"She is not strong; she has not been accustomed to endure poverty. Can we not save her from its stings? Is it not a duty?"
"To me, sir, a sacred duty, if I can see a way."
"Let me show you the way," he said eagerly. "Dear Mrs. Grantham, my feelings are unchanged. Even in your maiden days I loved you, but stifled my love and kept it buried in my breast when I saw that another had taken the place it was the wish of my heart to occupy. You gave to another the love for which I yearned, and I looked on and suffered in silence. Is not my devotion worthy of a reward? It is in your power to bestow it; it is in your power to save dear Clair from a life of misery. I renew the offer I made you. Promise to become my wife, and the grievous loss you have sustained need not give you a moment's anxiety."
The artificial modulation of his tones, his elaborate actions, and his evident desire to impress her with a sense of the nobility of his offer, filled her with a kind of loathing for him. It was as though he held out an iron chain, and warned her that if she refused to be bound she was condemning her child to poverty and despair. But agonizing as was this reflection, she could not speak the words he wished to hear; she felt that she _must_ have time to think.
"What you have told me," she said, "is so unexpected, I was so little prepared for it, that it would not be fair to answer you immediately. My mind is confused; pray do not press me; in a little while I shall be calmer, and then----"

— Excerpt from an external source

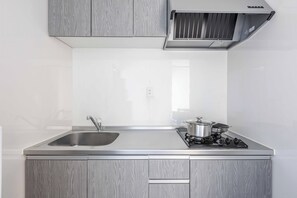 Apartamento ejecutivo, 3 habitaciones, no fumadores, baño privado (Maisonette) | Cocina privada | Frigorífico, microondas, placa de cocina y hervidor eléctrico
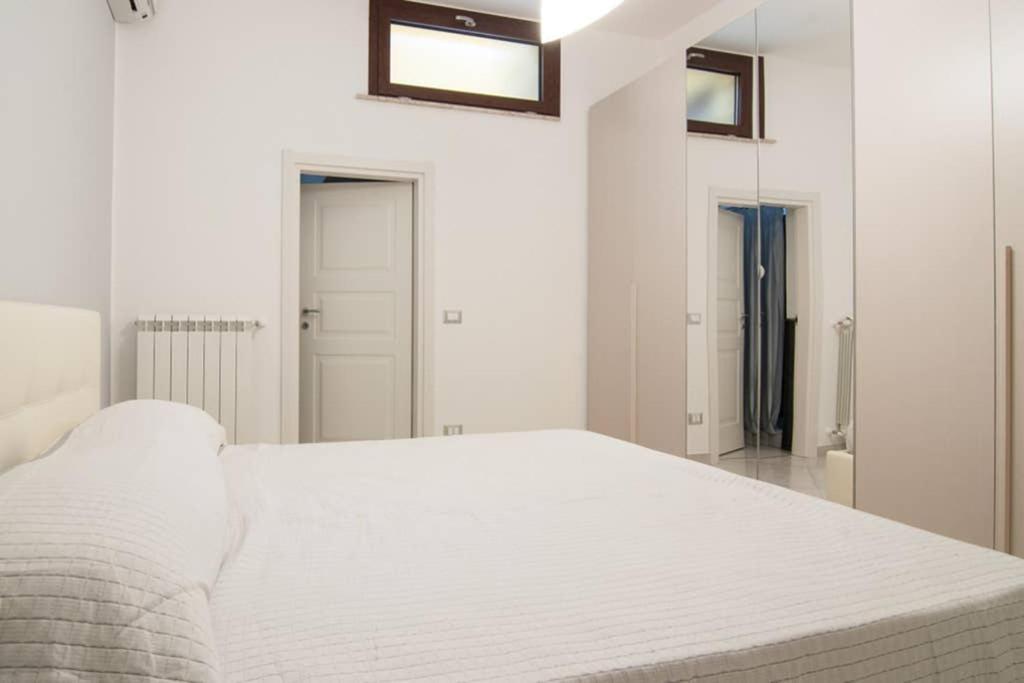 Hh Selection Emiro Villa Lascari Buitenkant foto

"And then," he said, taking up her words and thinking the battle won, "you will see that it is the only road of happiness left open to you, and you will give me a favorable answer. We will tread this road together, and enjoy life's pleasures. Shall we say this evening?" She shook her head. "To-morrow, then?"
"Give me another day," she pleaded.
"Till the day after to-morrow, by all means," he said gayly. "It would be ungallant to refuse. But, dear Mrs. Grantham--may I not rather say dear Lucy?--it must be positively the day after to-morrow. I shall count the minutes. To be long in your society in a state of suspense, or in the knowledge that you refuse to be mine, would be more than I can bear."
She silently construed these words; they conveyed a threat. If in two days she did not give him a favorable answer, she and Clair would have to leave the house at once, and go forth into the world, stripped and beggared.
"And now I will leave you," he said, taking her hand and kissing it. "Do not look at the cloud, dear Lucy--look only at the silver lining."